More correctly known as Linodendron Tulipifera

Tulipwood is a very sustainable hardwood that's been grown in managed forests in the USA for decades and is a stable, easy to work and tremendously durable timber. Given it's name as the flowers of the tree do strongly resemble tulips.

It is essentially a pale hardwood that can have subtle streaks of reds, yellows, greens and even the odd bit of purple tinting its grain.
Depending on where it's grown, can influence the strength of colours you find and generally the closer to the heartwood you get, the paler the timber.
In the States it's commonly used for:
Sidings for houses
Interior joinery and furniture
Guitar bodies

And with it's resistance to termites, used for barns and barn doors, outdoor seating & benches and even coffins !

It's so workable and durable, you can even build cars out it !! see pic below
Note the number plate ! ... that car's in the UK somewhere and I really, really want one !!!

We do use Tulipwood over here in Britain but it's under-used and under-publicised and when we do use it, it's usually as a painted kitchen which is a massive shame.The timber in it's natural state is absolutely gorgeous. 

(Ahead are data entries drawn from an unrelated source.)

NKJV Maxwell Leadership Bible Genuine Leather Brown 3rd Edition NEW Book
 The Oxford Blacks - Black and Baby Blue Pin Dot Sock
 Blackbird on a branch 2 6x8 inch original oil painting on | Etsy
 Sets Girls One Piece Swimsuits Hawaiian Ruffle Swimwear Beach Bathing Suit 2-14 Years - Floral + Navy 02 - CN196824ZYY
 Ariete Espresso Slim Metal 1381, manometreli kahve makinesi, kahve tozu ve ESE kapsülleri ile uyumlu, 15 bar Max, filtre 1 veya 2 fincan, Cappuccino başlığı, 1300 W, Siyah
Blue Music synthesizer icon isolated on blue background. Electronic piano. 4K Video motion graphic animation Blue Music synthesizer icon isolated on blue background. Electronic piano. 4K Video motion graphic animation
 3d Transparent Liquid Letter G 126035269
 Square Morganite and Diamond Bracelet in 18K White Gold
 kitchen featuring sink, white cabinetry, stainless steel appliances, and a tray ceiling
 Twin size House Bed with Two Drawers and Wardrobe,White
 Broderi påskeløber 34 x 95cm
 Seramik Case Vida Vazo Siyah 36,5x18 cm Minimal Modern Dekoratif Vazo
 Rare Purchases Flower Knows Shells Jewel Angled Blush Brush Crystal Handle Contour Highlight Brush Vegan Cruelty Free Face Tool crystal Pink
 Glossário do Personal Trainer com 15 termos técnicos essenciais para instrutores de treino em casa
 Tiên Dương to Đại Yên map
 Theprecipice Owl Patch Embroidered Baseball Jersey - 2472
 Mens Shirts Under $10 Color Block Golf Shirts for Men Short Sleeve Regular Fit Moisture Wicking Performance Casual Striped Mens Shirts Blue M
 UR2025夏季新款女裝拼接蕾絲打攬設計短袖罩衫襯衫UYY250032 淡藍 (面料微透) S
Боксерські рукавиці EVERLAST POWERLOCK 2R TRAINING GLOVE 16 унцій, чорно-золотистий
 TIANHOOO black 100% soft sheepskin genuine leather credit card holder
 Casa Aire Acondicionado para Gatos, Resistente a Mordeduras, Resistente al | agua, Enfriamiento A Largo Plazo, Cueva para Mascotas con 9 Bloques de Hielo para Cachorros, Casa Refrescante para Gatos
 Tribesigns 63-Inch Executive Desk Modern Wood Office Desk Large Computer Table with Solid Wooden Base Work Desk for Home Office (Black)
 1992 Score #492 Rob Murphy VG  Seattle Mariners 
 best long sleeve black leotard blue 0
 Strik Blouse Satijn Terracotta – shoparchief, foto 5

With it's characteristics, it's sustainability and the fact that it's a hardwood comparable in use to Oak but at about a third less cost, we feel we really need to bang the drum for Tulipwood and get people more interested in it's use for kitchens.

We are certainly going to be doing our bit to raise it's awareness throughout 2014 and we have sample doors made right now for anyone to come in and have a look at. 

Wood made from Tulips ! .... No, but it does look as fabulous as a field of tulips in springtime and as springtime is right around the corner, now would be a good time to give it a coat of looking at !!